マネーマシンの作り方という刺激的なタイトルにつられて以下の動画を観てみました。
今回の動画も中田さんの話術が冴えわたり、引き込まれる内容となっています。
ただ、この2本の動画を観ると、インデックス投資には投資信託よりもETFを活用して分配金を再投資することにより複利効果を活用すべき、という印象を受けてしまいます。
本当にインデックス投資には投資信託よりもETFの方が向いているといえるのでしょうか?
インデックス投資を「世界中に分散したインデックスファンドを積み立て投資して長期保有すること」と定義するのであれば、ETFよりも投資信託の活用がおすすめ。

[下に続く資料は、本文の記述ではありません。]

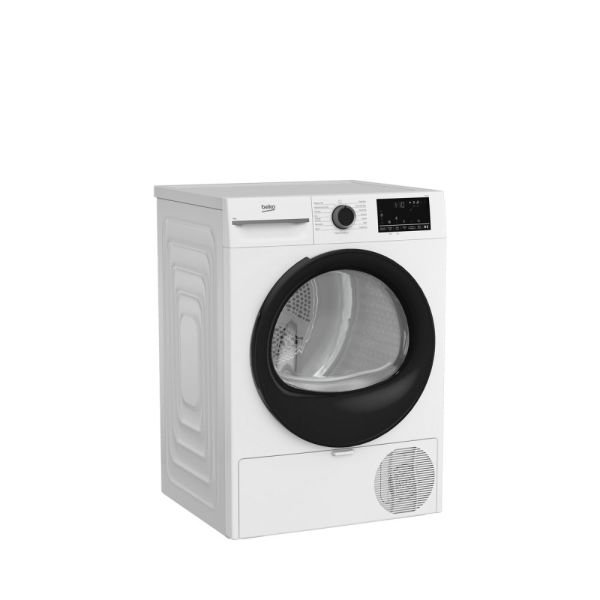 Beko KMX 91 9 Kg Kurutma Makineleri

動画で参照されていた以下の本にも積立投資であれば、投資信託の活用をすすめています。
「ETFはこの7本を買いなさい」朝倉智也
今回は、上記の本の中から以下のポイントについて解説します。
- 投資信託とETFの違い
- ETFのメリット・デメリット
- インデックス投資に投資信託がおすすめな理由とは?
- ETFの活用法
- 投資信託とETFの違いとは?
- ETFのメリットとは?
- ETFのデメリットとは?
- 一定額を定期的に積み立てる「インデックス投資」には投資信託がおすすめ
- ETFの活用で分配金を受け取りながらインデックス投資が可能
- まとめ
投資信託とETFの違いとは?
投資信託とETFにはどのような違いがあるのでしょうか。
大きな違いは株式市場に上場されているか非上場かという点。
ETFとは「Exchange Traded Funds」の略称で、上場投資信託とも呼ばれる投資信託の一種。
非上場の投資信託は、基準価額(値段)が1日1回、15時以降に決まる仕組みです。
一方、ETFは株式市場に上場されているので、取引時間中は株式のようにリアルタイムで売買できるのが特徴。

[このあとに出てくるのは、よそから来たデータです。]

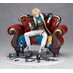 Preorder: Honkai: Star Rail PVC Statue 1/7 Aventurine 20 cm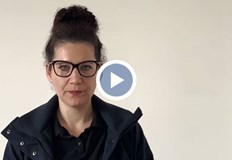 Калина Константинова пусна свое обръщение в социалните мрежиЗаместник министър председателят по ефективно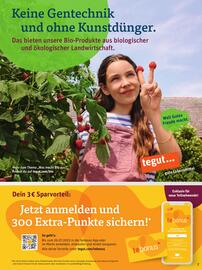 tegut Prospekt Seite 9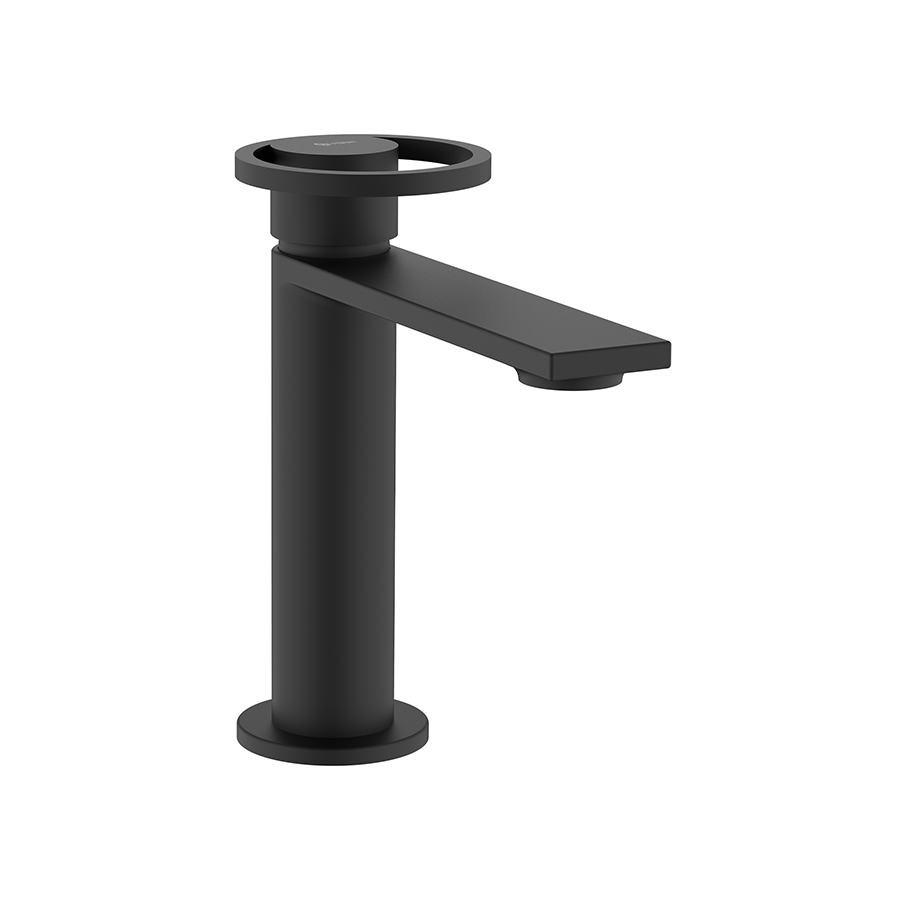 Vòi lavabo DeMuhler TB8245854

なお、「つみたてNISA」の投資対象は金融庁が厳選したものですが、そのほとんどが非上場の投資信託。
ETFは投資対象商品193本の中に7本しかありません。
おすすめは海外ETF
本の中では日本のETFではなく、海外ETFがおすすめとされています。
その理由は、日本国内のETFには買ってもいいと言えるもが多くないから。
日本で海外ETFの認知度が低い理由は、金融機関の手数料が低く儲からないため宣伝されてこなかったからと、著者の朝倉さんは指摘。
銀行や証券会社などの金融機関からすると、海外ETFよりも販売手数料や信託報酬の高い投資信託を回転売買した方が儲かります。

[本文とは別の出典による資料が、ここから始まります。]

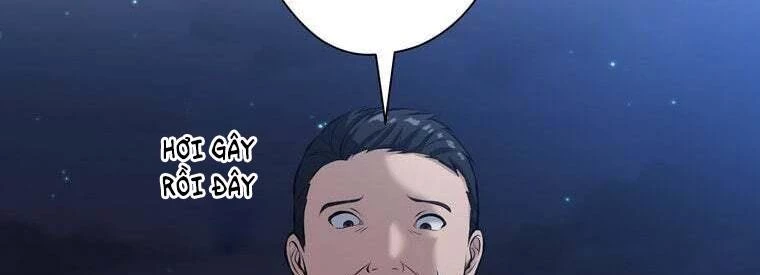 Giáo Viên Ác Quỷ Saiko Chapter 25 - 118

中田さんの動画でも指摘されていますが、金融機関には手数料ハンターがいるので、投資家のためになる商品をすすめられることは少ないでしょう。
ETFのメリットとは?
ETFにはどのようなメリットがあるのでしょうか。
・運用コストが低い
投資信託の信託報酬は、運用会社・受託会社・販売会社(証券会社、銀行など)で分け合うため、ETFに比べ高くなる傾向があります。
一方、ETFは株式市場で売買されていて販売会社が存在しないため、投資信託に比べて運用コストが低くなるというメリットがあります。
例えば、全世界の約8000銘柄に分散投資しているVT(バンガード・トータル・ワールド・ストックETF)の経費率はなんと0.08%。
ただし、最近では投資信託の信託報酬も下がってきているので、運用コストに以前ほどの差はありません。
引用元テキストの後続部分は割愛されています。